それはどういうことかと言うと「科学者が科学の殻から飛び出して知識人となる」ということを,多くの科学者が自発的に実践せねばならない,ということ。今の科学者(研究者)に「知識人」と呼べるような人はほとんどいない。ものすごく我欲の強い,自己中心的な人ばかり。そうじゃないと研究者を続けられないという側面もあるが,はっきり言って,滅びるべき悪。

ボクの周りにいる「優秀な研究者」の中に「知識人」「賢者」と言えるような人はほとんどいない。「優秀な研究者」の多くは「科学的議論」には強くても「人間」「社会」というものに対する洞察や考察があまりにも浅はか。高学歴エリートコースを歩んできたという自覚が無いから,社会の一般人へのリーチが欠けているのも一因だと思う。政治や社会について語る時,それは筋は通ってはいるものの,本当の意味で「社会を良くしよう」というよりは,「自分が,自分の研究分野が発展するために」という出発点からの思考である場合が圧倒的に多い。
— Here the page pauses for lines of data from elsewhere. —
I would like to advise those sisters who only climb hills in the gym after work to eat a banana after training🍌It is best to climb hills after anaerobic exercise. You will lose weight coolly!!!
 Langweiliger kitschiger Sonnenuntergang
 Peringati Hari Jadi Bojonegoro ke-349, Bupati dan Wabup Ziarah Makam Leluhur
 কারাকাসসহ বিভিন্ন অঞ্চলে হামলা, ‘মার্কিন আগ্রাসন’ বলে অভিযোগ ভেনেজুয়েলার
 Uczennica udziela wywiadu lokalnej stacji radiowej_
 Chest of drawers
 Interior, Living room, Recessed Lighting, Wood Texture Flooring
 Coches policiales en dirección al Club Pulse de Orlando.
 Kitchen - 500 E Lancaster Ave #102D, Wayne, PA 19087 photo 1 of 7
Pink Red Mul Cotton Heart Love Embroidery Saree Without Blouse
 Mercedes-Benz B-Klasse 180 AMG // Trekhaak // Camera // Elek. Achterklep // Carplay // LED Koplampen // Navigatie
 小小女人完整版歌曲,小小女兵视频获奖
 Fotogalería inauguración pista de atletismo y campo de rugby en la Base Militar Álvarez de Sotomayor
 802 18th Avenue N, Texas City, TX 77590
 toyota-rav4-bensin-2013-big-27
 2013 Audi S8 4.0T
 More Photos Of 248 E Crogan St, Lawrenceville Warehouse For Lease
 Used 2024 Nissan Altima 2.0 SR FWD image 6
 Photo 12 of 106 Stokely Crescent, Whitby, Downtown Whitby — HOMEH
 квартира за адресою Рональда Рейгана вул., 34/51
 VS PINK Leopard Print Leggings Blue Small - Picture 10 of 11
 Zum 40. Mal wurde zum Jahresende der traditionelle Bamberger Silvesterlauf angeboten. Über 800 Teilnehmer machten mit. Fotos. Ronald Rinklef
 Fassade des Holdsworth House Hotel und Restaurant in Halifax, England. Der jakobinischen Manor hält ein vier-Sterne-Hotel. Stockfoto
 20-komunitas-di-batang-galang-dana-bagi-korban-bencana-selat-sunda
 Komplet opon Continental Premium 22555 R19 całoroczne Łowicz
研究者は,研究者である前に社会人であることを認識すべきである。その上で,社会人でありながら一般人にはならないで、あくまで知識層である自覚も持ち続けなければならない。その匙加減は難しいが,漱石や諭吉を読むとそのアンバイが絶妙で,これが知識層のあるべき姿だ,というのを感じさせる。ボク自身が到達すべき地点を,今はそこに見据えている。

これは最近よく主張していることだけど,研究者というのは知識層で,そのことが認められているが故に,多額の税金と科学業界の自治が委ねられているのである。そこを無しにして,科学業界の発展のため,自分たちの利益のために振る舞うようなことは,あってはならない。「科学は広く世界人類に貢献するものである。国際競争は科学の進歩を促す。だから金をよこせ」は,一見すると筋が通っているように思えるが,科学の重要性を主張するのが科学者自身のみであるなら,そんな主張は通らない。たとえば相撲協会が「相撲は伝統文化で庶民娯楽だから協会へ投入する税金をもっと増やせ」なんて言ったら,消し飛ばされてしまうだろう。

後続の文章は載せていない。